━━ Exercise data ━━

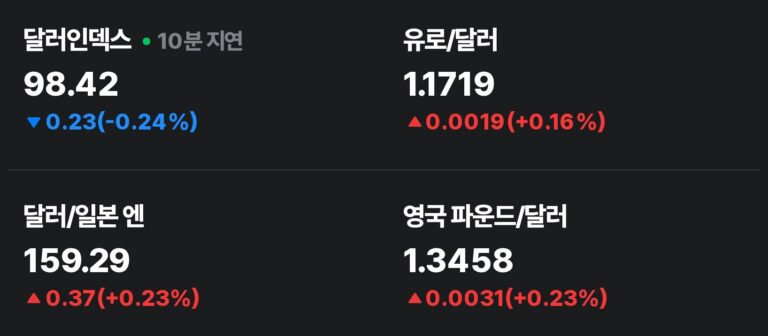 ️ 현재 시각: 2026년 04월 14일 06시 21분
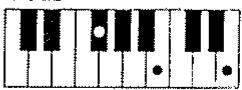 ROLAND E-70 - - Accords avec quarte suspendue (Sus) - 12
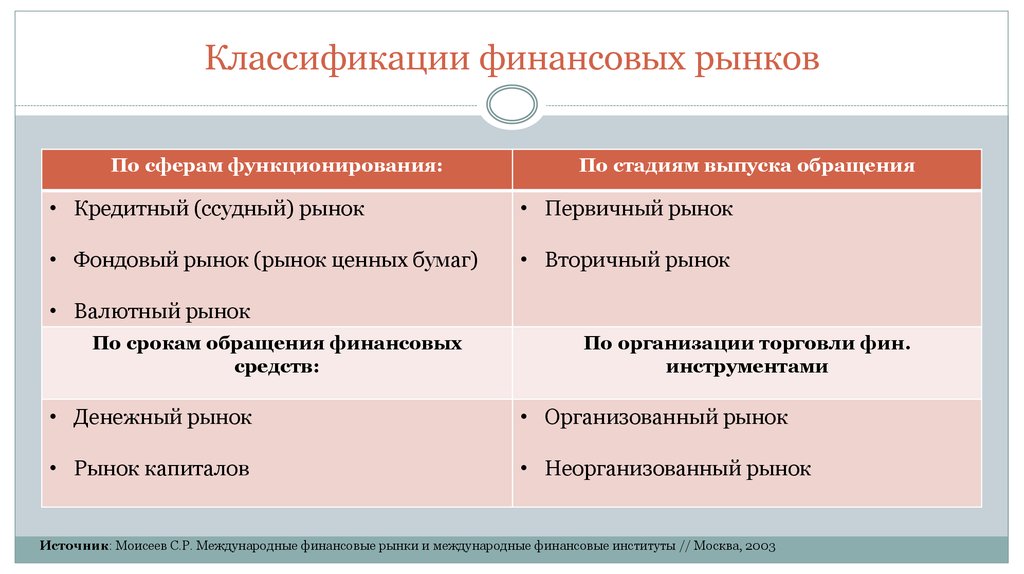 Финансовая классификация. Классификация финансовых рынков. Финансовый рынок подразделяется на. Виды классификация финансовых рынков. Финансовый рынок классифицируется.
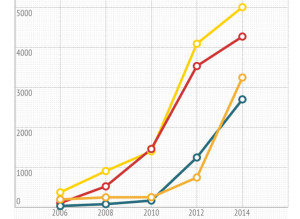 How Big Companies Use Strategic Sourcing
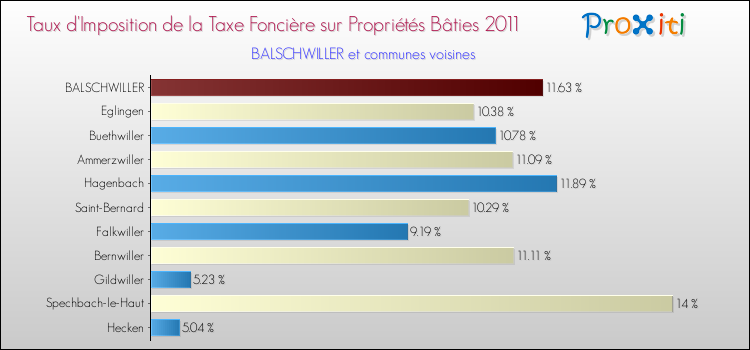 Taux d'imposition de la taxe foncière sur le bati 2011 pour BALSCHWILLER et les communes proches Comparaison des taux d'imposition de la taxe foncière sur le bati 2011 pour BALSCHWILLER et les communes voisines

━━━
━━ Exercise data ━━

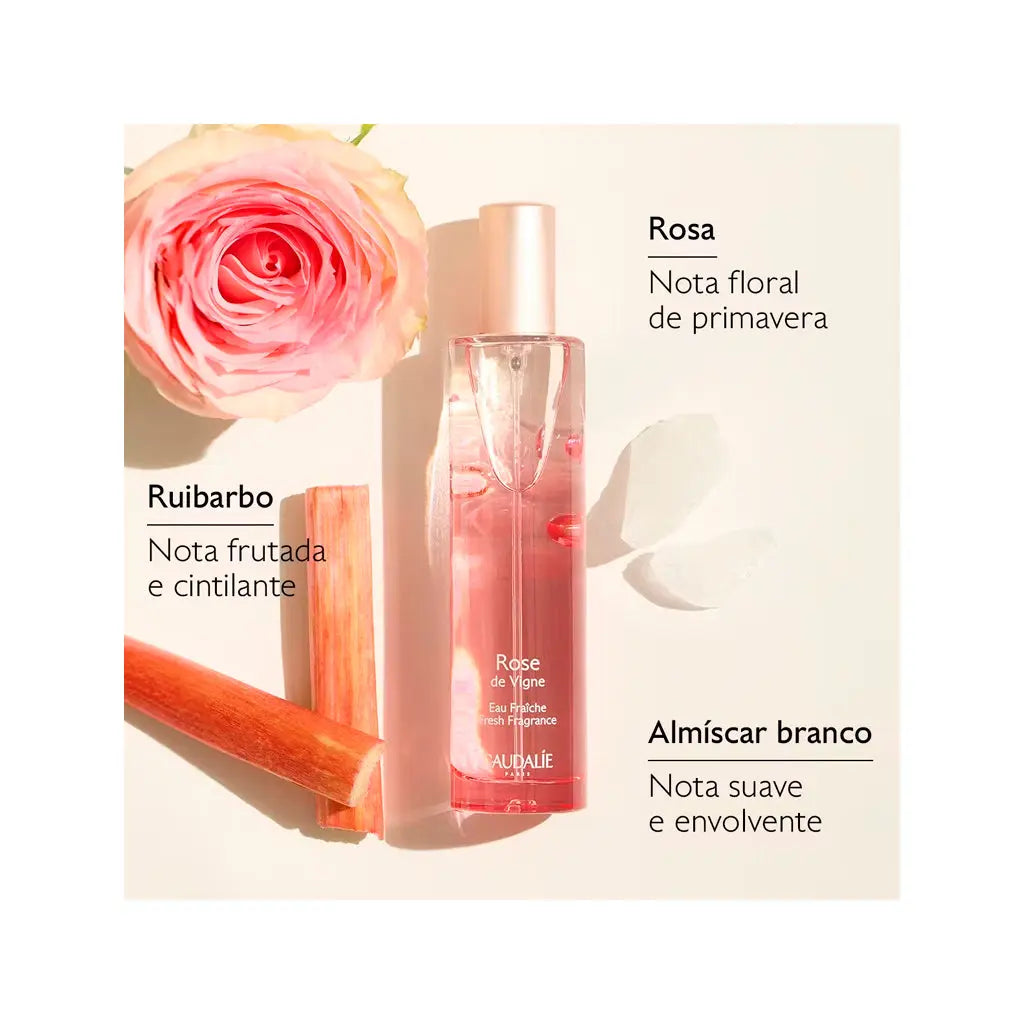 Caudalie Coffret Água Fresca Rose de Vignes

━━━

• _Task statement_:
Because only one stretch of the records is wanted, please output the lines from the one holding "14일 06시 21분" through the one holding "How Big Companies Use Strategic Sourcing" exactly, both included, and leave every picture out.

• _Response to this task_:
 ️ 현재 시각: 2026년 04월 14일 06시 21분
 ROLAND E-70 - - Accords avec quarte suspendue (Sus) - 12
 Финансовая классификация. Классификация финансовых рынков. Финансовый рынок подразделяется на. Виды классификация финансовых рынков. Финансовый рынок классифицируется.
 How Big Companies Use Strategic Sourcing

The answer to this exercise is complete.